Problem => Output the data below only from the line containing "Sectur invita a" up to and including the line containing "Adopt Chester a", exact and with the pictures left out.

Extracted data =>
-------------------------
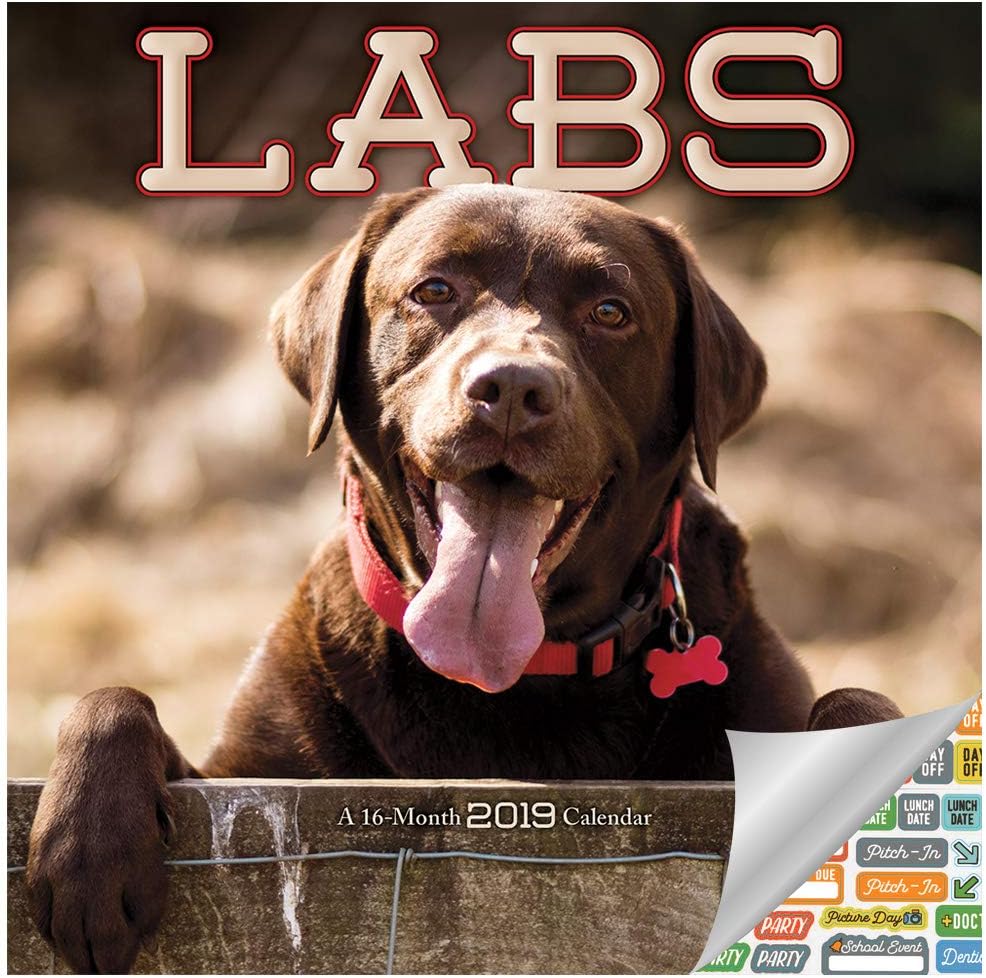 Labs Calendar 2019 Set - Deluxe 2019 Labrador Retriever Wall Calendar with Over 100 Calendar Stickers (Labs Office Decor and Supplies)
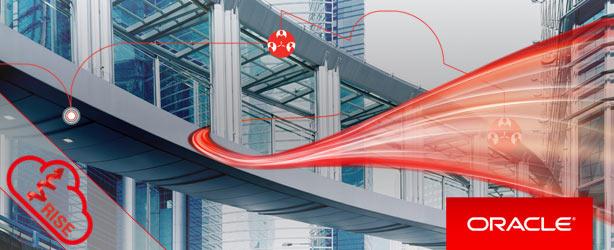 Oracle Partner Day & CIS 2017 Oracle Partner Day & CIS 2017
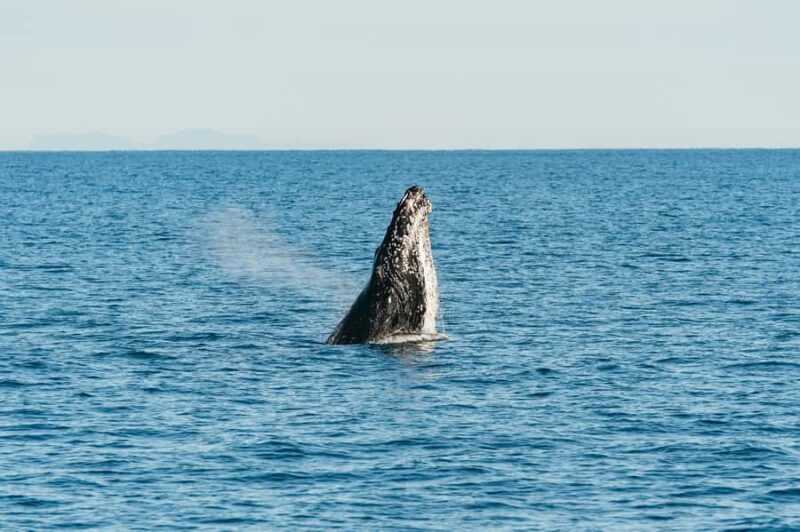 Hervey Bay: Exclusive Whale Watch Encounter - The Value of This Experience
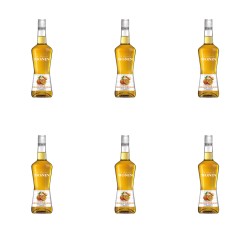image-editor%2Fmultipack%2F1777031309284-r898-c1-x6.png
-------------------------
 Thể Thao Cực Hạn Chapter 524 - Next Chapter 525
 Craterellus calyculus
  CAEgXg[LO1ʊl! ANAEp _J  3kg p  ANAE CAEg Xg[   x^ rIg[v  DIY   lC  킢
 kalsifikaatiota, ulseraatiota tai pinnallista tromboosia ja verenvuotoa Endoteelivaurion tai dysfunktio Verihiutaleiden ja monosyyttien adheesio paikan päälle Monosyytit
-------------------------
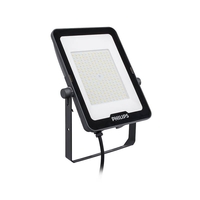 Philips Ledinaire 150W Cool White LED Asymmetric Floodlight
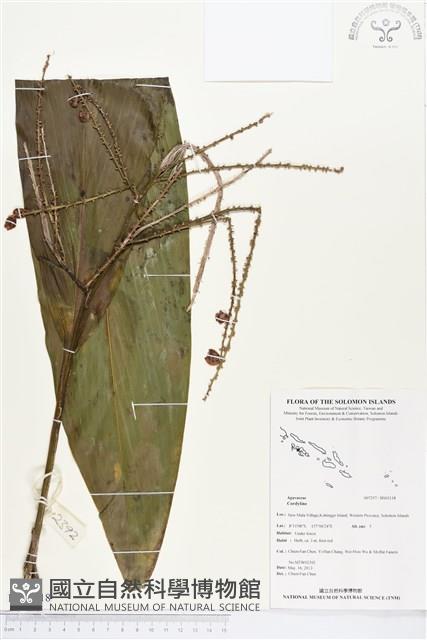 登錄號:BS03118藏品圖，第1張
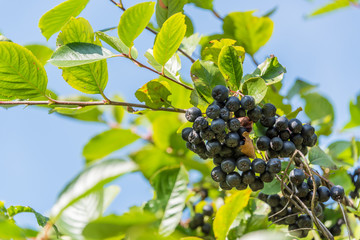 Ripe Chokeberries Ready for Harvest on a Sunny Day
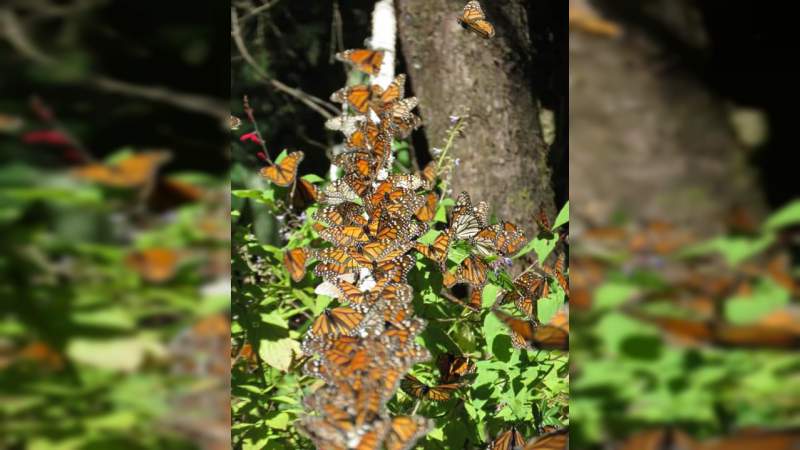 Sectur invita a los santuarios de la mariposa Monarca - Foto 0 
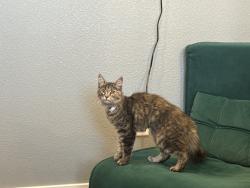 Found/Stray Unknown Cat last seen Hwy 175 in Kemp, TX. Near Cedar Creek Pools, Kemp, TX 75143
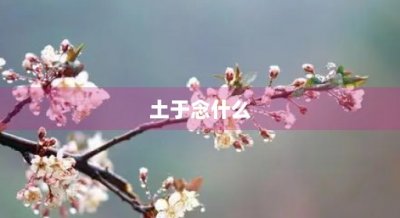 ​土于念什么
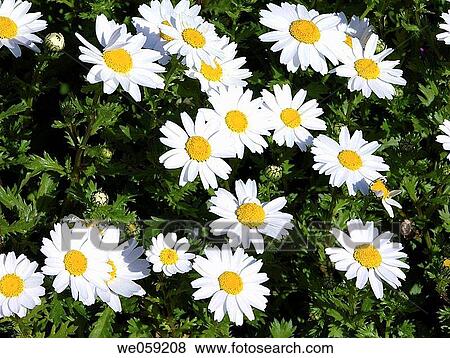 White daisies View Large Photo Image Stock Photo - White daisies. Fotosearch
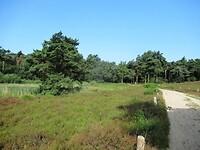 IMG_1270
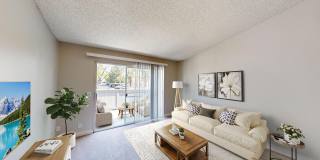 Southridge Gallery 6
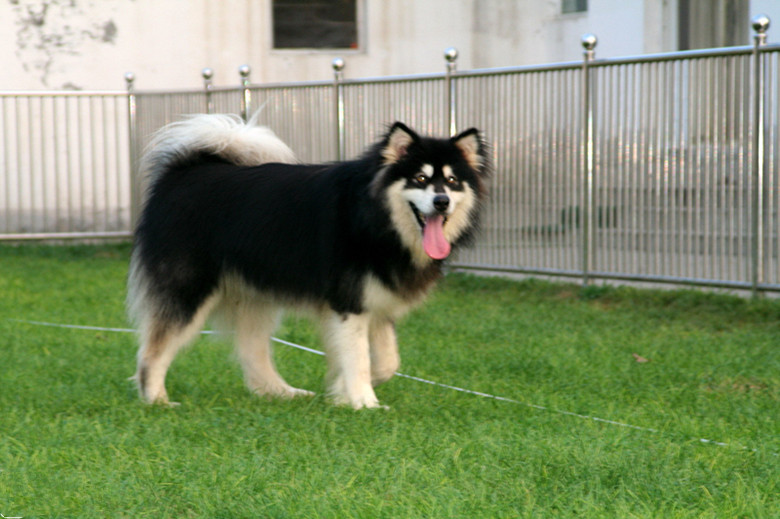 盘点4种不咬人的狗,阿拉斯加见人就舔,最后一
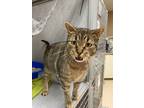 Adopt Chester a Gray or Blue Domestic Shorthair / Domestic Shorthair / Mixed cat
-------------------------
Finished exercise =>
 Sectur invita a los santuarios de la mariposa Monarca - Foto 0 
 Found/Stray Unknown Cat last seen Hwy 175 in Kemp, TX. Near Cedar Creek Pools, Kemp, TX 75143
 ​土于念什么
 White daisies View Large Photo Image Stock Photo - White daisies. Fotosearch
 IMG_1270
 Southridge Gallery 6
 盘点4种不咬人的狗,阿拉斯加见人就舔,最后一
 Adopt Chester a Gray or Blue Domestic Shorthair / Domestic Shorthair / Mixed cat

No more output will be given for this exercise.